Cuando retrocedió para evaluar los libros, sintió que faltaba algo. Quizá fuese el haber visto la muerte tan de cerca o el silencio del bosque pero, por primera vez en su vida adulta, quería leer la Biblia. Arriba tenían un ejemplar maravilloso, un regalo de su madre cuando cumplió doce años. «De lectura obligada, aunque sea para entender a Shakespeare», le había dicho ella. Atento al menor ruido del piso de arriba, David se quitó los zapatos y se acercó a la escalera.
Subió los peldaños de uno en uno, comprobando si crujían antes de apoyar el peso. Una vez arriba, giró el pomo y abrió la puerta silenciosamente, sólo un resquicio, para comprobar que todo estaba despejado antes de entrar en la cocina. Dejó la puerta entreabierta para no tener que manipular el pomo cuando volviese a bajar. Entró en la sala, sacó la Biblia del estante y recolocó los otros libros para disimular el hueco. Se detuvo a ojear el Nuevo Testamento, donde las palabras de Jesús aparecían en rojo encendido, como para mantener la sangre de Cristo eternamente en la conciencia. «Nuestro amigo Lázaro se ha dormido; mas ahora voy a despertarlo».

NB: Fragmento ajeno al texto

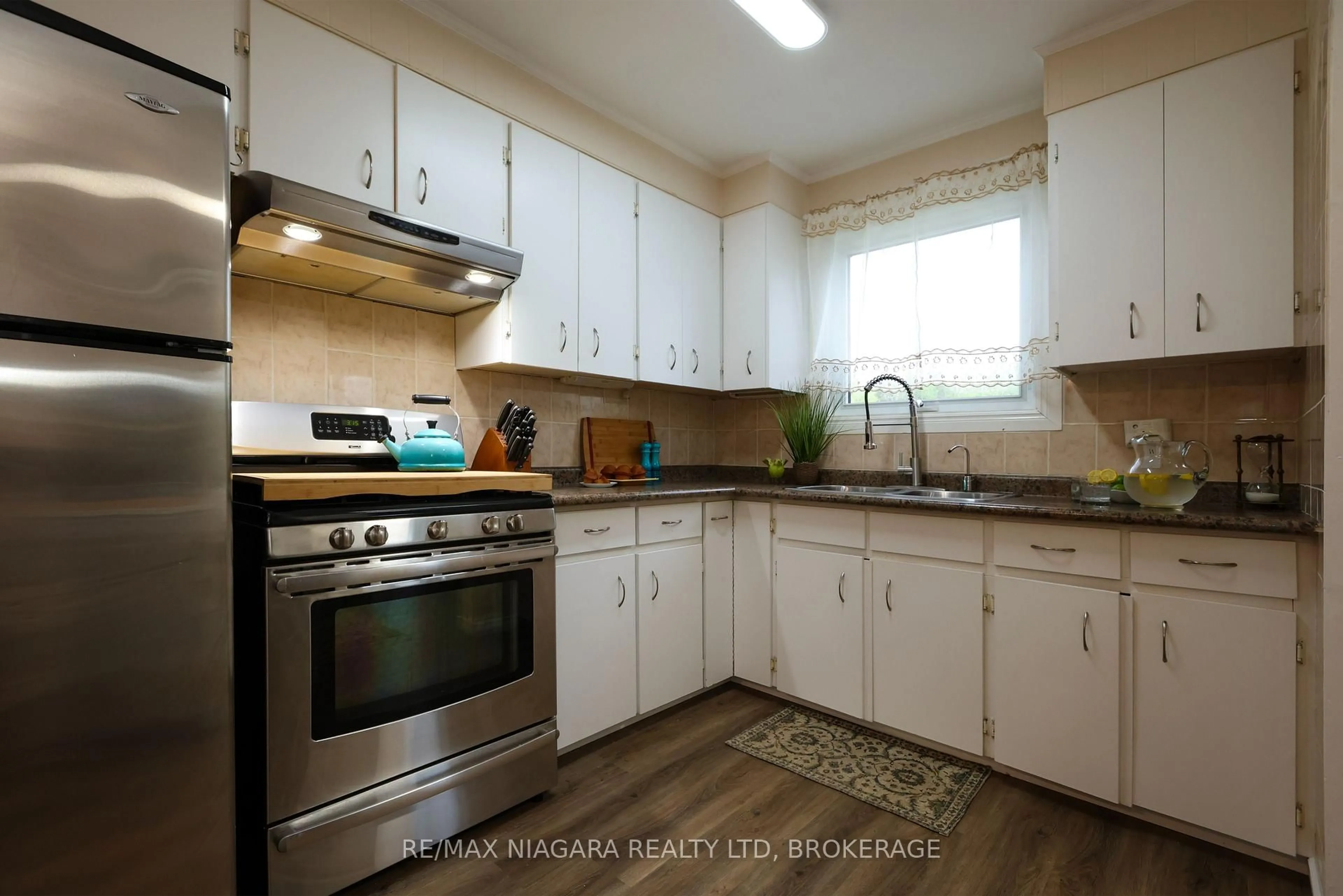 Standard kitchen, unknown for 31 Spruce Dr, Temagami Ontario P0H 2H0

Alzó la vista en cuanto oyó los pasos. Sarah bajaba la escalera, sus piernas ahora visibles. Qué estúpido de su parte, no haber caído en que quizá seguía despierta. Unos pasos más y ella tendría una clara perspectiva de la sala. Se planteó esconderse, pero cualquier movimiento podría atraer su atención, así que se quedó quieto como una lámpara, observando los dedos que se desplazaban barandilla abajo y más abajo, y luego a la derecha, lejos de él, en dirección al pasillo. Sarah no alzó la vista. David oyó los pies descalzos de Sarah cruzando el pasillo y entrando en el dormitorio; esperó a que la puerta se cerrase, pero el sonido no llegó. Sarah había abierto la puerta del vestidor, entraba y salía del cuarto de baño. Con un clic, el pasillo oscureció y David supo que Sarah había apagado la luz general y dejado sólo una lámpara, probablemente la de la mesita de noche. Esperó de nuevo a que se hiciera el silencio y después, Biblia en mano, pasó rápidamente de la sala a la cocina y bajó al sótano, cerrando suavemente la puerta tras él. Por el rabillo del ojo había visto a Sarah ante el tocador, en apariencia ajena a su presencia. David se sentó en el sofá e, inmóvil, esperó que siguiese el silencio.